After his election to the presidency, Lincoln continued to oppose the expansion of slavery, a subject that had become the most volatile political topic in the nation. The two opposing sides of the issue had become so steadfast in their beliefs that the slavery issue had become a dangerous and incendiary subject. At one point, in the early nineteenth century, the word ‘slavery’ itself was barred from use in Congress in order to avoid outright violence.
In 1856, Representative Preston Brooks of South Carolina confronted Senator Charles Sumner of Massachusetts regarding a speech Sumner had made that attacked the Kansas-Nebraska Act. Brooks was highly offended by remarks Sumner had included in his speech and beat Sumner into unconsciousness with a cane, leaving him with head and spine traumas. Such was the intensity of political passion for the beliefs on both sides.
While it cannot be denied that slavery was at the core of the issue, Lincoln’s priority as president became the preservation of the United States. Lincoln’s election was not well received in the South.

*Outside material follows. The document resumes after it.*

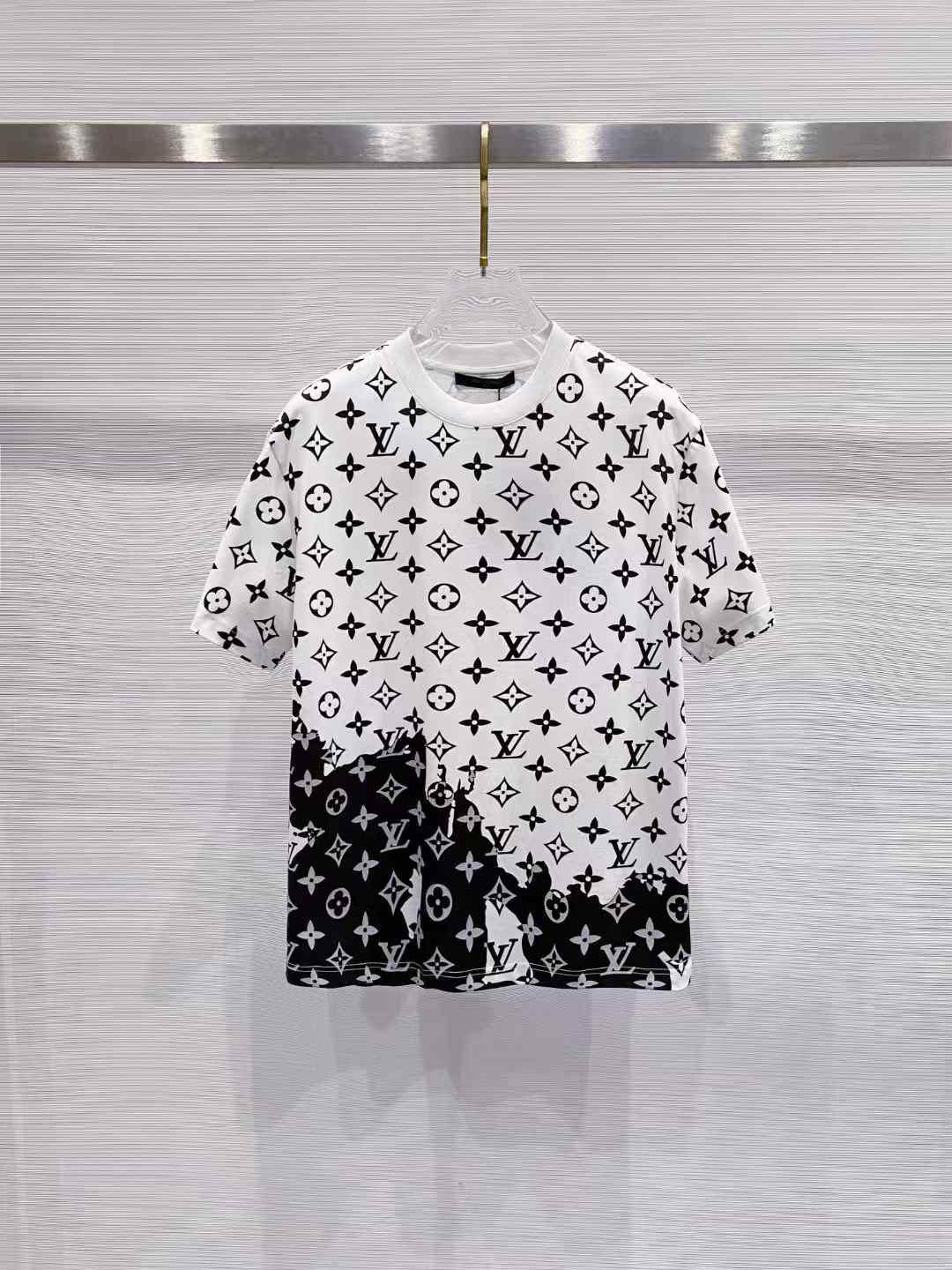 LV T-Shirt cotton jersey "LV" monogram and four-pointed star motifs across the entire fabric lack-and-white color scheme with a "dripping" effect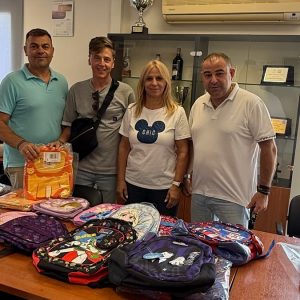 Σχολικές τσάντες στα πρωτάκια και τα προνήπια από την ΕΑΣΥ Φθιώτιδας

On 20 December 1860, South Carolina voted to secede. In February 1861, a convention was held in Montgomery, Alabama, in which a constitution very similar to the Constitution of the United States was drafted. The Confederate States of America was born, and a president was elected. He was a West Point graduate from Mississippi named Jefferson Davis who had attended the convention in hopes of being given a military command. He would be the first, last and only president of the Confederacy.
In his inaugural speech, Lincoln refused to recognize the secession of the slave states and their formation as a nation independent of the United States, declaring such action to be unconstitutional. This, along with several other executive decisions made early in Lincoln’s presidency, is controversial as to its legitimacy. Five weeks after his inauguration, hostility would erupt and Lincoln’s presidency would focus almost entirely upon efforts to hold the Union together.